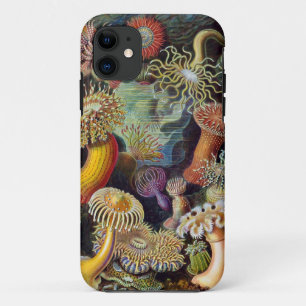 Ernst Haeckel-Seeanemonen iPhone 11 Hülle
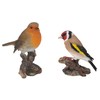 Vivid Arts - British Birds Life Like Robin & Goldfinch
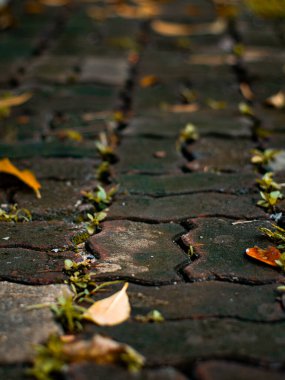 Sonbahar Eğri Tuğla Geçidi Arkaplanı - Sarmal Taş Yürüme Yolu Yaratıcı Tasarımı.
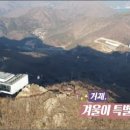 행복앤 거제천년초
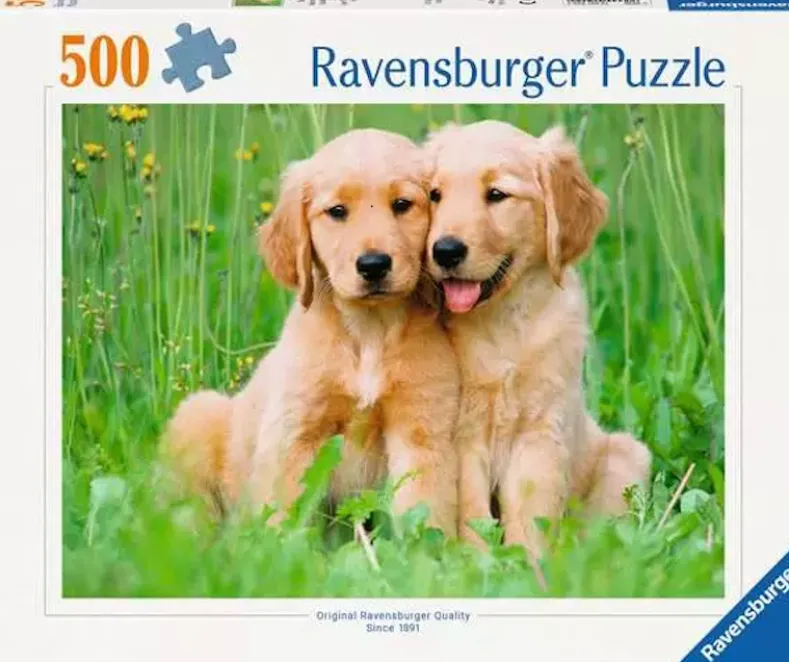 The Golden Retriever Brothers (500 stukjes)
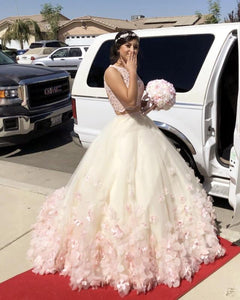 Blush Pink Lace Crop Tulle Two Piece Ball Gowns Quinceanera Dresses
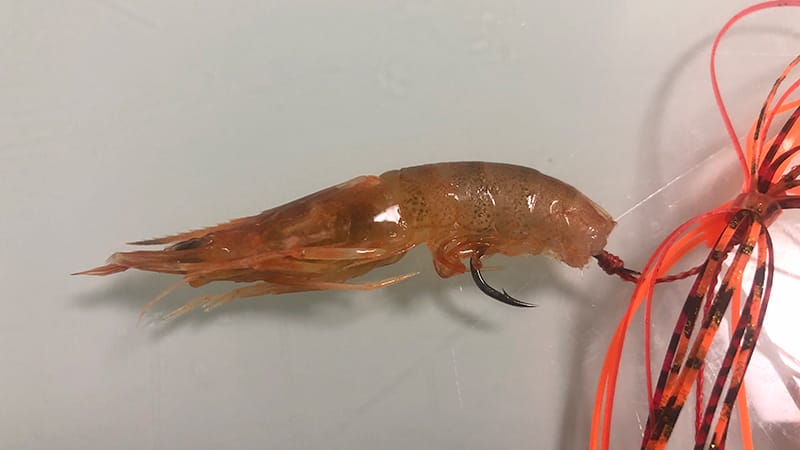 エビラバの付け方②|エビラバ,使い方,釣り方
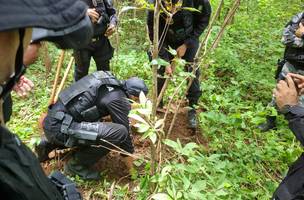 Polícia desarticula laboratório de drogas (Foto: Divulgação/PM)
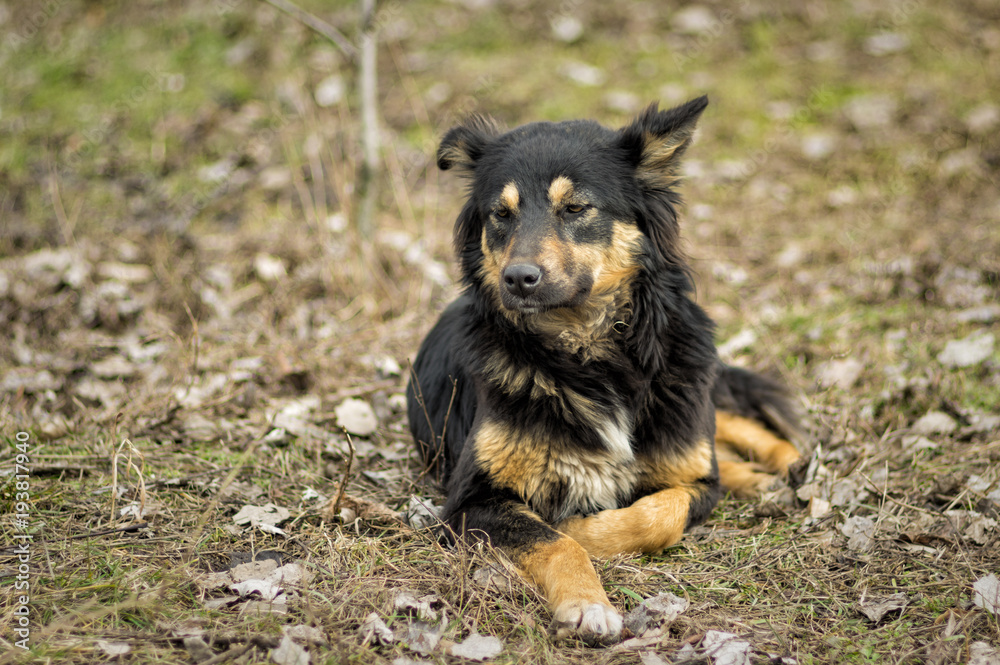 Portrait of black stray dog with reddish spots lying on the ground at early spring season Portrait of black stray dog with reddish spots lying on the ground at early spring season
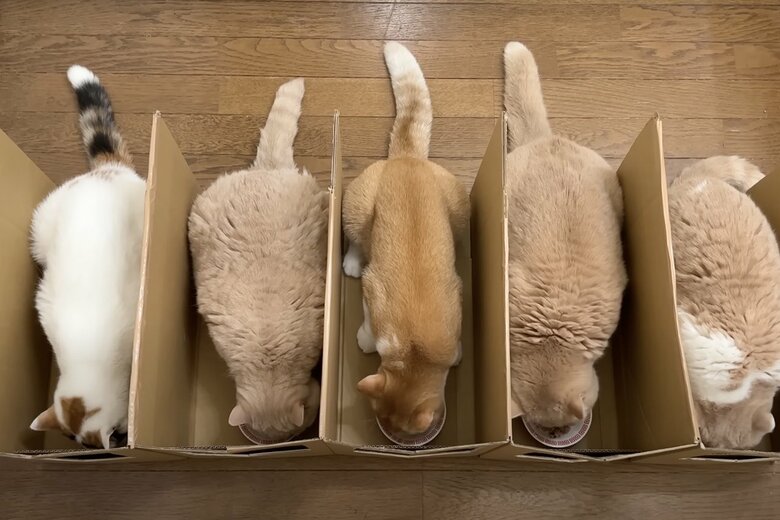 「一蘭」方式の餌置き場を作ったら、奪い合いがなくなったそう！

WORK REQUIRED: Retype the material above exactly, images excluded.

ANSWER SPACE:
 Ernst Haeckel-Seeanemonen iPhone 11 Hülle
 Vivid Arts - British Birds Life Like Robin & Goldfinch
 Sonbahar Eğri Tuğla Geçidi Arkaplanı - Sarmal Taş Yürüme Yolu Yaratıcı Tasarımı.
 행복앤 거제천년초
 The Golden Retriever Brothers (500 stukjes)
 Blush Pink Lace Crop Tulle Two Piece Ball Gowns Quinceanera Dresses
 エビラバの付け方②|エビラバ,使い方,釣り方
 Polícia desarticula laboratório de drogas (Foto: Divulgação/PM)
 Portrait of black stray dog with reddish spots lying on the ground at early spring season Portrait of black stray dog with reddish spots lying on the ground at early spring season
 「一蘭」方式の餌置き場を作ったら、奪い合いがなくなったそう！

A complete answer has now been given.